The dealer-diplomats in LW2 are just your ordinary bad guys. They keep zillions of Krugerrands on hand to finance their chicanery. They have a getaway helicopter conveniently waiting in downtown Los Angeles at the end of a car chase that totals dozens of innocent drivers. Now if only this gang could shoot straight, they might rid the world of Detectives Riggs and Murtaugh (Danny Glover) -- and spare moviegoers further sequels to the loathable smash hit of 1987.

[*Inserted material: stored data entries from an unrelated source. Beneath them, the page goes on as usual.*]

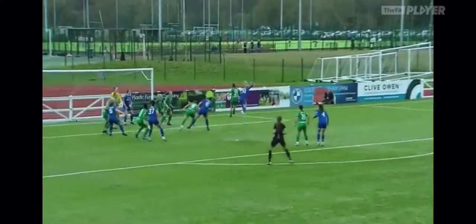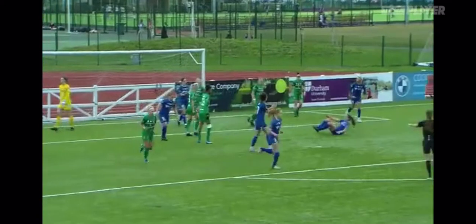Corner for Durham. Teasing ball into the box, it's an inswinger — and it's headed over by Robson.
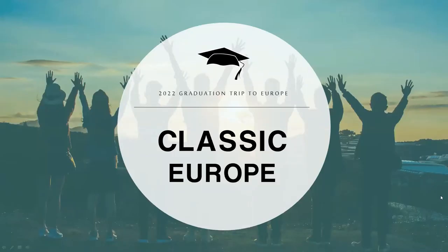Hi everyone and welcome to our webinar. Today we'll be taking you on a behind the scenes tour of Europe, brought to you by our University Alumni Association and AESU Alumni World Travel. AESU has developed and operated exceptional travel programs since 1977.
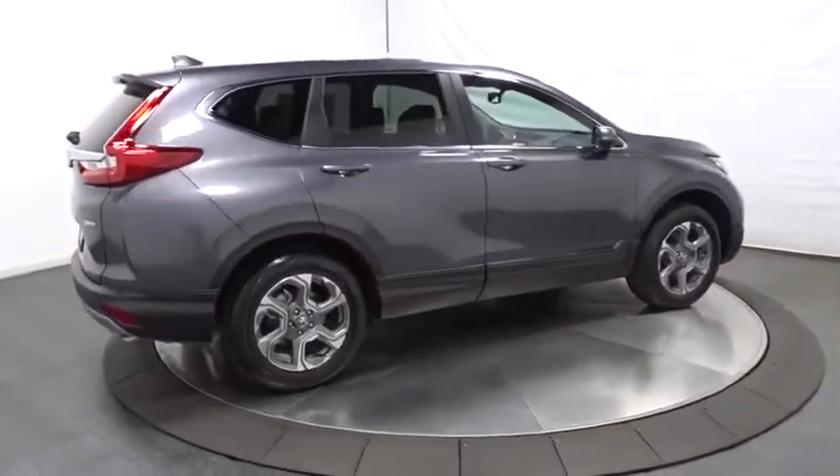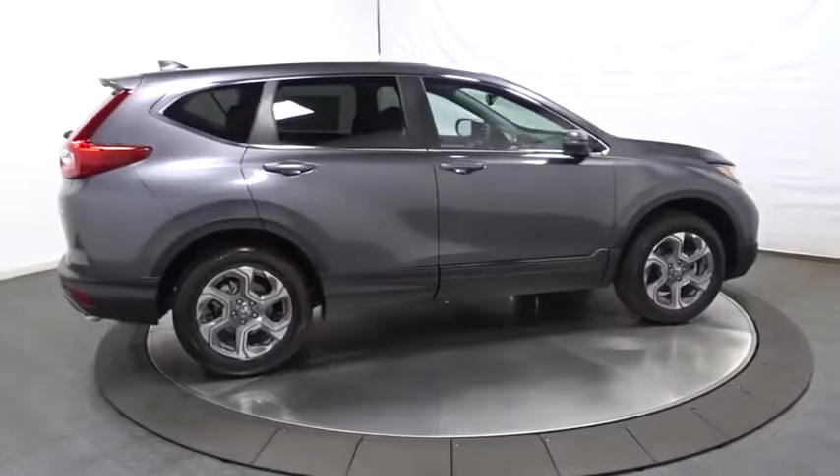Take this vehicle for a spin and see why so many shoppers are now proud owners.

That first movie raised the craft of torture to a low art. Expect no less in LW2, directed by Richard Donner and written by Jeffrey Boam. This installment features a surfboard decapitation, death by carpenter's nail gun, a bomb wired to a very sensitive seat (plot device lifted from Elmore Leonard's novel Freaky Deaky), and reduction of the Afrikaaner diaspora by about one-half. As Riggs tells Murtaugh, "We're back! We're bad! You're black! I'm mad!" Mad to the max. Riggs may not know how to spell apartheid, but he knows whom he hates. He even knows how to strike a blow for American property values. When the Boers perforate his beachside shack, Riggs finds appropriate recourse. He kills their house.

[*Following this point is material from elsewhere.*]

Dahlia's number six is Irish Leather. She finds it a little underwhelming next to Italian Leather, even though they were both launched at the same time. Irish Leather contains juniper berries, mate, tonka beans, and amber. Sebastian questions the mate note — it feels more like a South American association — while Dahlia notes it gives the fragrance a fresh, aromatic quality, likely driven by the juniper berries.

In Licence to Kill, the bad guys' hideaway blows up real good too. And there are some great truck stunts. A pity nobody -- not writers Michael G. Wilson , and Richard Maibaum nor director John Glen -- thought to give the humans anything very clever to do. The Bond women are pallid mannequins, and so is the misused Dalton -- a moving target in a Savile Row suit. For every plausible reason, he looks as bored in his second Bond film as Sean Connery did in his sixth.
Licence's only innovation comes in the closing credits. To atone for Bond's use of cigarettes, the producers print the Surgeon General's caveat on the evils of tobacco. Another warning would have been welcome: CAUTION: EXPOSURE TO HEROIDS MAY CAUSE SUMMER-MOVIE BURNOUT.